En esa época la pérdida del cabello era considerada como una vergüenza. El pelo largo era símbolo de estatus social, la falta de cabello podía manchar la reputación de las personas. Cuando el hermano del cronista Samuel Pepys se contagió de sífilis, éste escribió: «Si [mi hermano] sobrevive, no debería mostrar su cabeza, si lo hace sería algo vergonzoso para mí».
El brote de sífilis provocó un aumento exponencial en el uso de pelucas. Las víctimas ocultaban su calvicie, así como las sangrientas llagas que recorrían sus cabezas con pelucas hechas de pelo de caballo, cabra, o de cabello humano. Las pelucas se cubrían con aroma de lavanda o naranja para ocultar los malos olores. Aunque se generalizaron, las pelucas no tenían demasiado estilo, se utilizaban por necesidad, eran un parche para cubrir las consecuencias de una terrible enfermedad. Eso cambió en 1655 cuando Luis XIV, rey de Francia, comenzó a perder su pelo.
Impulso por parte de los monarcas
Luis XIV tenía sólo 17 años cuando comenzó a perder pelo. Preocupado porque su calvicie dañase su reputación, contrató a 48 fabricantes de pelucas para salvar su imagen. Cinco años más tarde Charles II, rey de Inglaterra y primo de Luis XIV, hizo lo mismo cuando su cabello comenzó a llenarse de canas. Los cortesanos y los aristócratas empezaron a copiar inmediatamente a los dos reyes.

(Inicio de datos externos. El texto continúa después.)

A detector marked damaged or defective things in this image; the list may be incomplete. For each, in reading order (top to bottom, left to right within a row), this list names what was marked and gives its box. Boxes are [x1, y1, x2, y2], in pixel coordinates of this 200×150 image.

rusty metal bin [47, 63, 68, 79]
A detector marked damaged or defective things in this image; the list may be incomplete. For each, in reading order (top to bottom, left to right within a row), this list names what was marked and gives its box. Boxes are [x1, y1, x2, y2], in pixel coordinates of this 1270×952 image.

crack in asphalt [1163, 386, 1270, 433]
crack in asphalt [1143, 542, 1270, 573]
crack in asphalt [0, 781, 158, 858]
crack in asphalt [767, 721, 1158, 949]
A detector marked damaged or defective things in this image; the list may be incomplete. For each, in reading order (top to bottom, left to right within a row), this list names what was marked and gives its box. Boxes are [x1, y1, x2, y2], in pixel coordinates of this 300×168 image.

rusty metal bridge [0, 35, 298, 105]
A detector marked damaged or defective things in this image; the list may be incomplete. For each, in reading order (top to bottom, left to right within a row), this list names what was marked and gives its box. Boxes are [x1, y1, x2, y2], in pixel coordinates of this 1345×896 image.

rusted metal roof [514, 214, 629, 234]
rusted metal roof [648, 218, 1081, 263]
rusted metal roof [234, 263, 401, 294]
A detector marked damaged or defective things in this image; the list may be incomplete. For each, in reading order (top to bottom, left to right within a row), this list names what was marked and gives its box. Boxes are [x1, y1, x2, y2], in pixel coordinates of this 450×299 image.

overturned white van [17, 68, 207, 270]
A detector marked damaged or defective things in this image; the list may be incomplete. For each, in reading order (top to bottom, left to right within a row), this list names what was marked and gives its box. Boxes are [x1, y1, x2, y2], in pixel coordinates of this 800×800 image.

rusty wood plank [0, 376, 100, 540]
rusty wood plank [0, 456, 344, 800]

El coste de las pelucas aumentó, y se convirtieron en un mecanismo para hacer alarde de riqueza y poder. El precio de las pelucas se multiplicó por 30. Se acuñó la expresión «pez gordo» para referirse a los snobs que podían permitirse grandes pelucas.
Las pelucas eran muy prácticas para evitar los piojos. Las personas con piojos debían afeitarse la cabeza, en cambio con una peluca era mucho más fácil despiojarse: se enviaba la peluca al fabricante que se encargaba de hervirla para eliminar las liendres.
Una moda venida a menos a finales del siglo XVIII
A finales del siglo 18 la tendencia fue desapareciendo. Los ciudadanos franceses dejaron de emplear pelucas durante la revolución, y los británicos dejaron de utilizarlas cuando el primer ministro William Pitt, desesperado por reunir dinero para financiar la guerra contra Francia, estableció un impuesto sobre las pelucas en 1795, lo que provocó que pasasen de moda. El pelo propio corto se convirtió en el estándar, permaneciendo así durante dos siglos.
Alrededor de 1960 las pelucas volvieron al primer plano. Se utilizaban para realizar en ellas sofisticados peinados que hubiesen resultado muy costosos a diario. Se convirtieron en un complemento de moda indispensable.